§ **Task material**
----------------

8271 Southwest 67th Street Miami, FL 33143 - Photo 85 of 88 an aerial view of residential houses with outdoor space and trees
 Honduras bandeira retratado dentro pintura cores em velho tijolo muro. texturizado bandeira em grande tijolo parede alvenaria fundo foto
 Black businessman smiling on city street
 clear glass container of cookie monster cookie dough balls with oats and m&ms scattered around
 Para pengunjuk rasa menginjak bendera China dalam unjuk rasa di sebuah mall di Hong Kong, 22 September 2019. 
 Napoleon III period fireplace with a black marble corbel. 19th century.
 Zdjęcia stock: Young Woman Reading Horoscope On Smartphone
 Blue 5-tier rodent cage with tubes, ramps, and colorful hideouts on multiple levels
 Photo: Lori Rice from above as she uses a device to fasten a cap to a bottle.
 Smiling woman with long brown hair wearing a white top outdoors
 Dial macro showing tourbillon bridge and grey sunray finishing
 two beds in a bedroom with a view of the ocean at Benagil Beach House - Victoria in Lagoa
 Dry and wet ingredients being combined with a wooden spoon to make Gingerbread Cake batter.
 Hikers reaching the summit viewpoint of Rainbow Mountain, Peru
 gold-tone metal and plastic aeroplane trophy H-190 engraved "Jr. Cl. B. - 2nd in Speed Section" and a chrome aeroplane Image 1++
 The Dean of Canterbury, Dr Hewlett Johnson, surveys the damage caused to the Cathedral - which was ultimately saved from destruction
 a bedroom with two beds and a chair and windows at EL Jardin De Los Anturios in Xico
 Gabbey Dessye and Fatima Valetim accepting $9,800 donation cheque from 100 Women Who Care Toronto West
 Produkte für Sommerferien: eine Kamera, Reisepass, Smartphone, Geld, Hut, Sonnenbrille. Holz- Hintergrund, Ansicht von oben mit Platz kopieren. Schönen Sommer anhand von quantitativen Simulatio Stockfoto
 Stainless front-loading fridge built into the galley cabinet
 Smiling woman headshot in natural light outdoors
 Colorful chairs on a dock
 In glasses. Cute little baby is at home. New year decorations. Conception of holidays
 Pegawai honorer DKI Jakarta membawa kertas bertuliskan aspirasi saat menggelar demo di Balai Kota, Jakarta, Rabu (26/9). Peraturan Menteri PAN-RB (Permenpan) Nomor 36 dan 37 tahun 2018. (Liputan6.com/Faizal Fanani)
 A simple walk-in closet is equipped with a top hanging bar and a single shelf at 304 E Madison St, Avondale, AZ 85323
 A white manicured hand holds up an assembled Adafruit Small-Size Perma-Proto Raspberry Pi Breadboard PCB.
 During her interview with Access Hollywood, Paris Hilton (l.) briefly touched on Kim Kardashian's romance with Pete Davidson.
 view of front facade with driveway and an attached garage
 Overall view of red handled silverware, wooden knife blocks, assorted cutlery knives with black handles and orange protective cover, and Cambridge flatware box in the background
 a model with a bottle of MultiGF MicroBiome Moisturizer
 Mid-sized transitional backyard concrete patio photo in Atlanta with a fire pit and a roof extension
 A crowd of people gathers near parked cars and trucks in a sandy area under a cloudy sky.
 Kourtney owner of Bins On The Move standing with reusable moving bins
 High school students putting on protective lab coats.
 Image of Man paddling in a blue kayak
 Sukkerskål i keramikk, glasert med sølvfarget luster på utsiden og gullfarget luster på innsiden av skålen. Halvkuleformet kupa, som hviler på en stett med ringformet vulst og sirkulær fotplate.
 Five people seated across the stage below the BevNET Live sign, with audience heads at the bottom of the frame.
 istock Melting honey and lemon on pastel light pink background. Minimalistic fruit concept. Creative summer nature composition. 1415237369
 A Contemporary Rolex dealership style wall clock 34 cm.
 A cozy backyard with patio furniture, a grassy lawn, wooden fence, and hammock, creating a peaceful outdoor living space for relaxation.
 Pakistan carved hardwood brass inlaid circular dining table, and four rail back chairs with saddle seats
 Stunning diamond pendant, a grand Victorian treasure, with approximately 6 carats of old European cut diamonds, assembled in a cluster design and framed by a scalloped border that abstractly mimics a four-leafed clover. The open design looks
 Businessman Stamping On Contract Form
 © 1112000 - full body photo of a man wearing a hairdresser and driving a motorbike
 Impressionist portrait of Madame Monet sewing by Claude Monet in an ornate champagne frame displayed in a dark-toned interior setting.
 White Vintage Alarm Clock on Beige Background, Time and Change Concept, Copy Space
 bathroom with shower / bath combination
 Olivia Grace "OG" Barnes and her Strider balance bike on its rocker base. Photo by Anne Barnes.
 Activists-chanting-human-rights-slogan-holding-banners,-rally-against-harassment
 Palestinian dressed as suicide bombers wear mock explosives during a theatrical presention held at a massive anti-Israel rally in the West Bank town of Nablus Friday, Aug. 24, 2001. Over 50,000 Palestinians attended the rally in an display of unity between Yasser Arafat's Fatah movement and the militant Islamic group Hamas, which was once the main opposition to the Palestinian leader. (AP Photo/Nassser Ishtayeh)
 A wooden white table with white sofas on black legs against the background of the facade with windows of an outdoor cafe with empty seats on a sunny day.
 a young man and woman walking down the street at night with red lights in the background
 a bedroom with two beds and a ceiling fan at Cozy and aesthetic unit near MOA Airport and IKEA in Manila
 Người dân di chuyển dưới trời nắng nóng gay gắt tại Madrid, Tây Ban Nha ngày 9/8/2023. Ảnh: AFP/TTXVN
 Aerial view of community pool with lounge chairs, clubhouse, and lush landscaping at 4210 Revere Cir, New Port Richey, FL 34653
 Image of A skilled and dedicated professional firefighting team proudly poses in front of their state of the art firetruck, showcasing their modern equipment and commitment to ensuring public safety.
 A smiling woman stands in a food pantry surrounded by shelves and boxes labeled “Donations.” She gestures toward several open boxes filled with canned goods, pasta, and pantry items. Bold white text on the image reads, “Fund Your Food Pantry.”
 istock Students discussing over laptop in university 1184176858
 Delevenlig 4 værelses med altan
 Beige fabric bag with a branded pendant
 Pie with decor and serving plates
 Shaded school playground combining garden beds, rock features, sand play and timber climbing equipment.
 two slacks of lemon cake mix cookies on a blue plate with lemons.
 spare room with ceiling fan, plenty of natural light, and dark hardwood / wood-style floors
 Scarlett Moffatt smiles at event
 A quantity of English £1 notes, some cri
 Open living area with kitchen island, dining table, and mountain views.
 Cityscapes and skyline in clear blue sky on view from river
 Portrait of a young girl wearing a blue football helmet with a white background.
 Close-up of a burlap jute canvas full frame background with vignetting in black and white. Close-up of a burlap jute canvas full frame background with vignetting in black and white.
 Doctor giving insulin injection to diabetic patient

----------------

§ **About this exercise**
Every line in the listing that holds "lemon" belongs in the answer.

§ **Solution for this problem**
 istock Melting honey and lemon on pastel light pink background. Minimalistic fruit concept. Creative summer nature composition. 1415237369
 two slacks of lemon cake mix cookies on a blue plate with lemons.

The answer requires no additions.